7. meaneth not so—He is only thinking of his own schemes, while God is overruling them to His purposes.

think—intend. Sinners' plans are no less culpable, though they by them unconsciously fulfil God's designs (Ps 76:10; Mic 4:12). So Joseph's brethren (Ge 50:20; Pr 16:4). The sinner's motive, not the result (which depends on God), will be the test in judgment.

heart to destroy … not a few—Sennacherib's ambition was not confined to Judea. His plan was also to conquer Egypt and Ethiopia (Isa 20:1-6; Zec 1:15).

He meaneth not so; he doth not at all design the execution of my will. and the glory of my justice, in punishing mine enemies; but only to enlarge his own empire, and satisfy his own lusts; which is seasonably added, to justify God in his judgments threatened to the Assyrian, notwithstanding this service.

To destroy and cut off nations not a few; to sacrifice multitudes of people to his own ambition and covetousness; which is abominable impiety.

Howbeit he meaneth not so, neither doth his heart think so,.... His purposes, intentions, and thoughts, were not as the Lord's; he did not imagine that he was only the rod of his anger, and the staff of his indignation, a minister of his wrath, and the executioner of his vengeance; he thought he was his own lord and master, and acted by his own power, and according to his own will, and was not under the direction and restraints of another; his intention was not to chastise and correct the people of the Jews, but utterly to destroy them, and not them only, but many other nations; as follows:

but it is in his heart to destroy and cut off nations, not a few; not the nation of the Jews only, but many others, and so establish an universal monarchy; and what flushed him with hope and expectation of success were the magnificence of his princes, and the conquests he had already made.

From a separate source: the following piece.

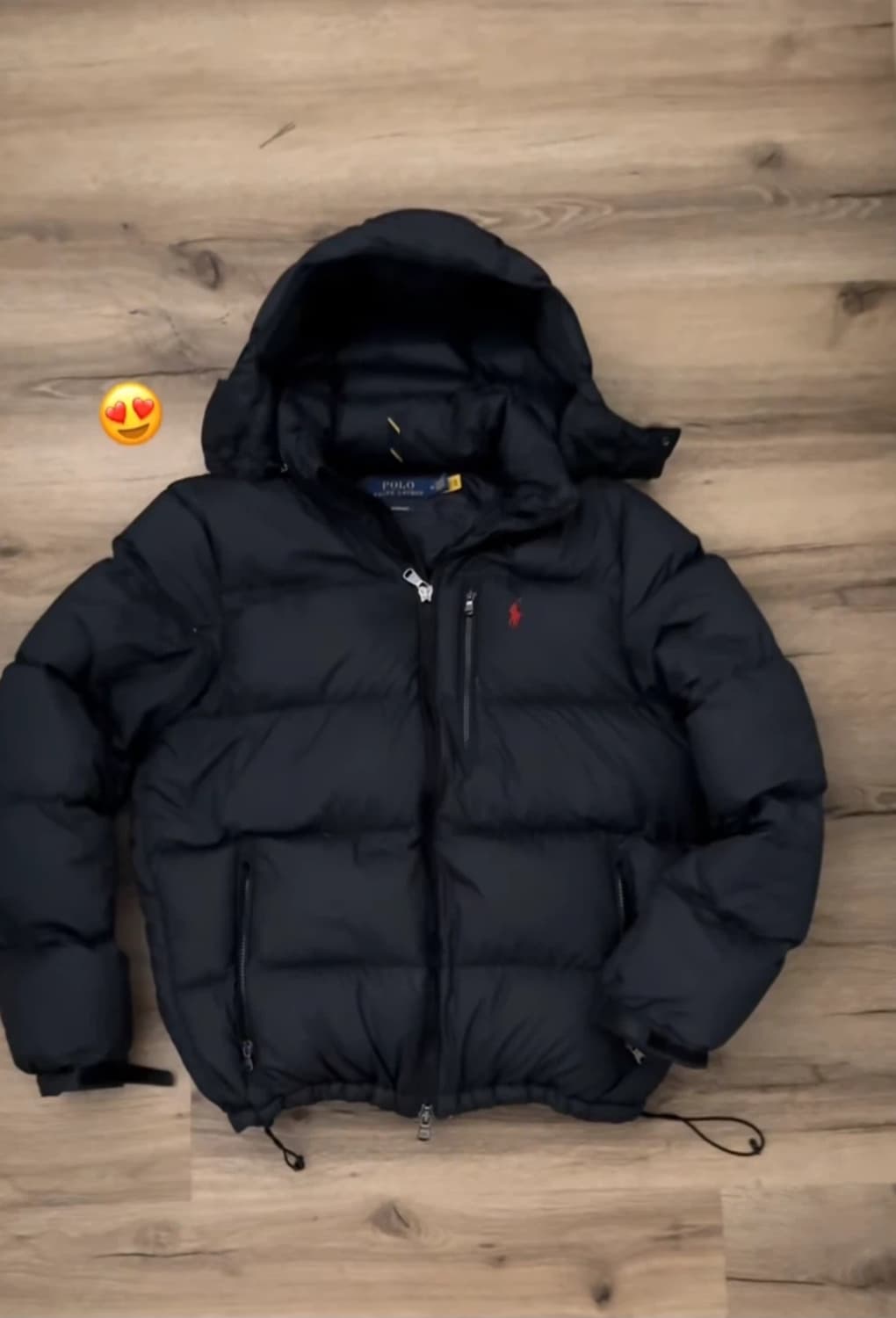 폴로 랄프로랜 패딩 사이즈 m 상품이미지1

Howbeit he meaneth not so, neither doth his heart think so; but it is in his heart to destroy and cut off nations not a few.
EXEGETICAL (ORIGINAL LANGUAGES)
7. Howbeit he meaneth not so] The charge is not so much that Asshur exceeds his commission (as in Zechariah 1:15), as that he recognises no commission at all; his policy is entirely oblivious of moral interests.

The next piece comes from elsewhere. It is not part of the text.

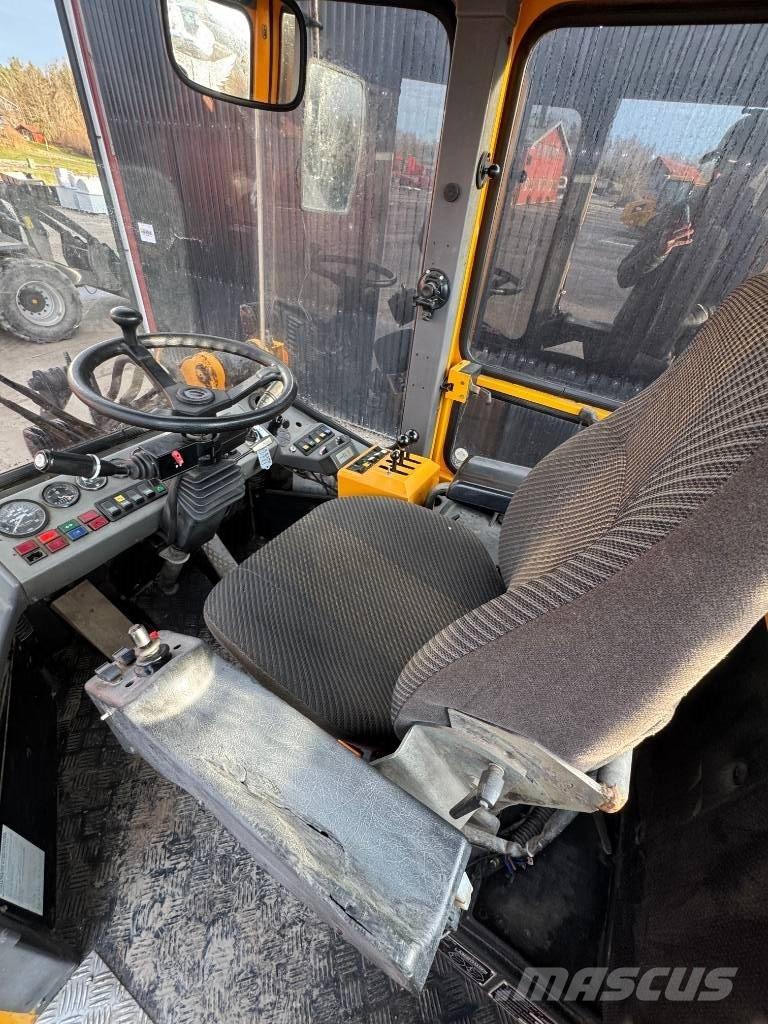 Ljungby L 14 Фронтальные погрузчики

Verse 7. - Howbeit he meaneth not so. "Assyria," i.e., "does not view the matter in this light - is not aware that she is merely God's instrument in working out his will. On the contrary, it is in her heart to destroy the nations for her own advantage, and she imagines that she is doing it by her own strength." Isaiah 10:7Asshur was to be an instrument of divine wrath upon all Israel; but it would exalt itself, and make itself the end instead of the means. Isaiah 10:7 "Nevertheless he meaneth not so, neither doth his heart think so; for it is in his heart to destroy and cut off nations not a few." Asshur did not think so (lo'-cēn), i.e., not as he ought to think, seeing that his power over Israel was determined by Jehovah Himself. For what filled his heart was the endeavour, peculiar to the imperial power, to destroy not a few nations, i.e., as many nations as possible, for the purpose of extending his own dominions, and with the determination to tolerate no other independent nation, and the desire to deal with Judah as with all the rest. For Jehovah was nothing more in his esteem than one of the idols of the nations. Isaiah 10:8-11 "For he saith, Are not my generals all kings? Is not Calno as Carchemish, or Hamath as Arpad, or Samaria as Damascus? As my hand hath reached the kingdoms of the idols, and their graven images were more than those of Jerusalem and Samaria; shall I not, as I have done unto Samaria and her idols, do likewise to Jerusalem and her idols?" The king of Asshur bore the title of the great king (Isaiah 36:4), and indeed, as we may infer from Ezekiel 26:7, that of the king of kings. The generals in his army he could call kings,

(Note: The question is expressed in Hebrew phraseology, since sar in Assyrian was a superior title to that of melek, as we may see from inscriptions and proper names.)

because the satraps

(Note: Satrapes is the old Persian (arrow-headed) khshatra (Sanscr. xatra) pâvan, i.e., keeper of government. Pâvan (nom. pâvâ), which occurs in the Zendik as an independent word pavan (nom. pavao) in the sense of sentry or watchman, is probably the original of the Hebrew pechâh (see Spiegel, in Kohler on Malachi 1:8).)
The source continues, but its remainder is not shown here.